Ее целью было гореть.
Он высек ее равную противоположность – Люмоса, чье сердце было холодным и спокойным, чтобы править ночью. Люмос не горел. Скульптор вложил в его сердце безмятежный свет, достаточно яркий, чтобы смягчить тьму. Люмос был мирным, надежным и уверенным.
Его целью было успокоить.
Наконец, из камня творения Скульптор высек темный мир, который представлял в своей голове. Он научил Сол двигаться, вращаться вокруг этого мира. Так ее цель изменилась. Она все еще должна была гореть, но только для тех, кому Скульптор подарит свой темный мир. Она должна была гореть для них, охранять, направлять и любить их.
После этого пришел в движение Люмос. Он, как и Сол, вращался вокруг темного мира, но в другом направлении. Поскольку богиня должна была гореть для людей, новой целью Люмоса было остудить этих существ. Поощрять покой и мир, потому что он охранял, направлял и любил их.
Скульптор подул на темный мир, и из тумана его дыхания на песок полились духи. Это были души людей. Половину своих творений Скульптор отдал Люмосу, а другую половину – Сол.

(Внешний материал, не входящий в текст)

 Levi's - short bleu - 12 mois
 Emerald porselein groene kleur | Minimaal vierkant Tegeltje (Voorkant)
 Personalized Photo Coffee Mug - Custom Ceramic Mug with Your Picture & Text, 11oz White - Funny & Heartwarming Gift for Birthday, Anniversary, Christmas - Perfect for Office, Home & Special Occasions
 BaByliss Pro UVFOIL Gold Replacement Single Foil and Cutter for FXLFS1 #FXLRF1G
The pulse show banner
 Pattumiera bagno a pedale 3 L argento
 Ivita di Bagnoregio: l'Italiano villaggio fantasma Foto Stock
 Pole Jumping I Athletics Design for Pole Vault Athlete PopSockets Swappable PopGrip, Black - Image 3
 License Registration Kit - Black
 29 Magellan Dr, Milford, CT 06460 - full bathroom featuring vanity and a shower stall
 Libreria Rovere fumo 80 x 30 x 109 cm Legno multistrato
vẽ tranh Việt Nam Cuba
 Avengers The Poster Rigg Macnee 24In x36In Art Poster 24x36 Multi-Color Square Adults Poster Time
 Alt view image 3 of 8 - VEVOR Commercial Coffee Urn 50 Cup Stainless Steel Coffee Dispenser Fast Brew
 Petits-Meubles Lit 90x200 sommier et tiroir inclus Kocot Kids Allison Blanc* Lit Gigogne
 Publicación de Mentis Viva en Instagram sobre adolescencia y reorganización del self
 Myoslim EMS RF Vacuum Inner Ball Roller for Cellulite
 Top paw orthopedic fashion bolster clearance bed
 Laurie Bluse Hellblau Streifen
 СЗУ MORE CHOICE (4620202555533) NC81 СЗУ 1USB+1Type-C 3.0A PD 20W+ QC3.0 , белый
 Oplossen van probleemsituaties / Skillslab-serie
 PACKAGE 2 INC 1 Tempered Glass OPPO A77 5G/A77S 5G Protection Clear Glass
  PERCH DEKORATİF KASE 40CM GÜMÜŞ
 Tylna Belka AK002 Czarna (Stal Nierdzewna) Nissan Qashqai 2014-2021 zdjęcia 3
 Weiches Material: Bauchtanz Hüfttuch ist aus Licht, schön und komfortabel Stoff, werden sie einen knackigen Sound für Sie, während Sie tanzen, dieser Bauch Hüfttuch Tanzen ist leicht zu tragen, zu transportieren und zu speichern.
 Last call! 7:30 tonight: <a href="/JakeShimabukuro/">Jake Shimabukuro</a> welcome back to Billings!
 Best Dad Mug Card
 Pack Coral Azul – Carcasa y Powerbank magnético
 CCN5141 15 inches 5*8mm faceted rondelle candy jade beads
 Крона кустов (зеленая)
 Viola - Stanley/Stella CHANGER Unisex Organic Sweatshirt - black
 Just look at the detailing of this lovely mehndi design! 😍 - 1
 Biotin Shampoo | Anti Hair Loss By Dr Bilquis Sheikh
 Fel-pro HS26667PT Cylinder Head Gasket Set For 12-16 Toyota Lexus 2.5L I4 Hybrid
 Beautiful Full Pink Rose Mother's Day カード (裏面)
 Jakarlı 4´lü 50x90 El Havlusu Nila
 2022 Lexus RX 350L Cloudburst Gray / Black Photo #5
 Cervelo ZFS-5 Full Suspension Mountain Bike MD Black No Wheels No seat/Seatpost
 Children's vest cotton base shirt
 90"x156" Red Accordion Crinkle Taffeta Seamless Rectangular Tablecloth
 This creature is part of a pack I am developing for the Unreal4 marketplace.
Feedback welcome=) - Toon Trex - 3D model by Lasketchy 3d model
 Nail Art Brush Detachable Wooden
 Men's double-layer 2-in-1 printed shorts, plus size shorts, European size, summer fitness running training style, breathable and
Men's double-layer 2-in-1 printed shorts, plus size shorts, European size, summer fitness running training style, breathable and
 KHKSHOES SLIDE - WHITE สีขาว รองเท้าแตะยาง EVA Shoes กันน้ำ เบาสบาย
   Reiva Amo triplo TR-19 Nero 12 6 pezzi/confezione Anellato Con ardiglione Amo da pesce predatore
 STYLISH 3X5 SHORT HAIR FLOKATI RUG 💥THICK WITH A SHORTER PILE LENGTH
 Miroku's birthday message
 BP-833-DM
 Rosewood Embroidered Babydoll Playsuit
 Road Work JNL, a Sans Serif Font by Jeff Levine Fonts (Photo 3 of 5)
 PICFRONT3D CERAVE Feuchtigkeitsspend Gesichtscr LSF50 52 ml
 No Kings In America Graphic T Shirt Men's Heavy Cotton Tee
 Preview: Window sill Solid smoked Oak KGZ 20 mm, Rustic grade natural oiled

Люмос любил свой народ. Он сиял, чтобы они могли наслаждаться покоем и тишиной.
Сол любила свой народ не меньше. Она сияла, чтобы ее люди могли процветать и размножаться.
На протяжении тысячелетий в этом месте царил мир. Приятное однообразие. Пока однажды Люмосу не стало скучно и он не ускорил свой бег по небу. Бог ночи увидел Сол, богиню дня, и сразу же влюбился. Он последовал за ней по небосклону.